• [TASK BRIEF] In the entries below, find the line with "Spring Quote Floral" and print exactly every line from there up to and including the line with "Loewe Nappa Flamenco", with no other lines.

• [DATA EXTRACTS]
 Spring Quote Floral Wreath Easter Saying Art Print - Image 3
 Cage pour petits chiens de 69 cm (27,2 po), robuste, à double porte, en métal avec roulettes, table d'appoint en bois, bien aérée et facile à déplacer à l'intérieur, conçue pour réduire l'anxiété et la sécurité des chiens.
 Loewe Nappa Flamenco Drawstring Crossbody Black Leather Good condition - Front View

* * *

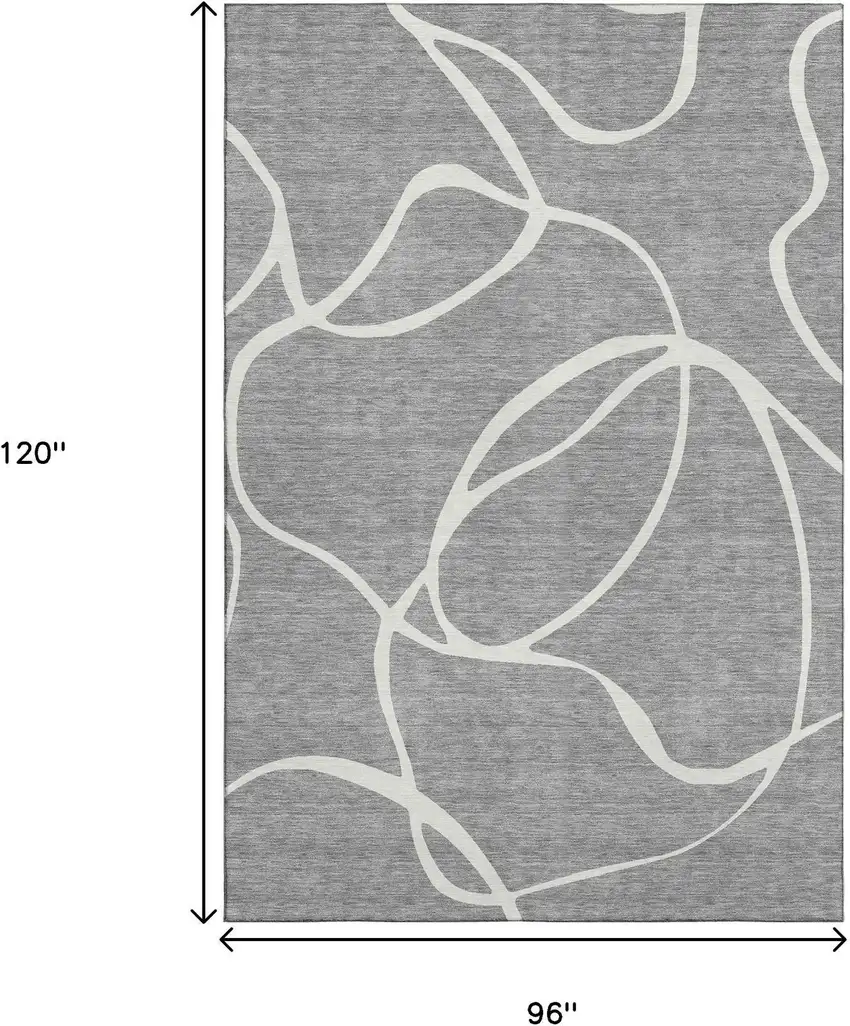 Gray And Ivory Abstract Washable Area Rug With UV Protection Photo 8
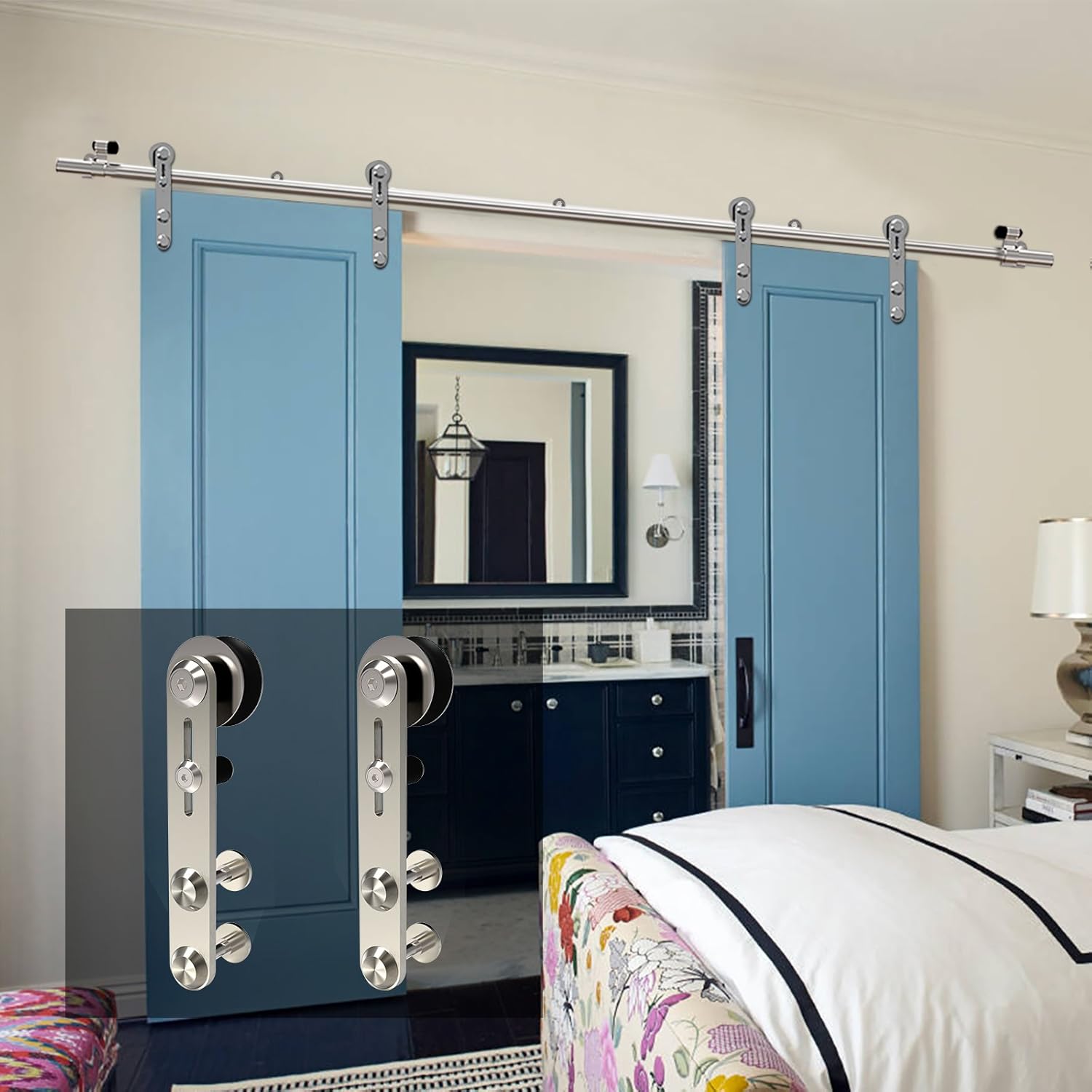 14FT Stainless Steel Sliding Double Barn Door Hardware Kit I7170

• [RESPONSE TO THIS TASK]
 Spring Quote Floral Wreath Easter Saying Art Print - Image 3
 Cage pour petits chiens de 69 cm (27,2 po), robuste, à double porte, en métal avec roulettes, table d'appoint en bois, bien aérée et facile à déplacer à l'intérieur, conçue pour réduire l'anxiété et la sécurité des chiens.
 Loewe Nappa Flamenco Drawstring Crossbody Black Leather Good condition - Front View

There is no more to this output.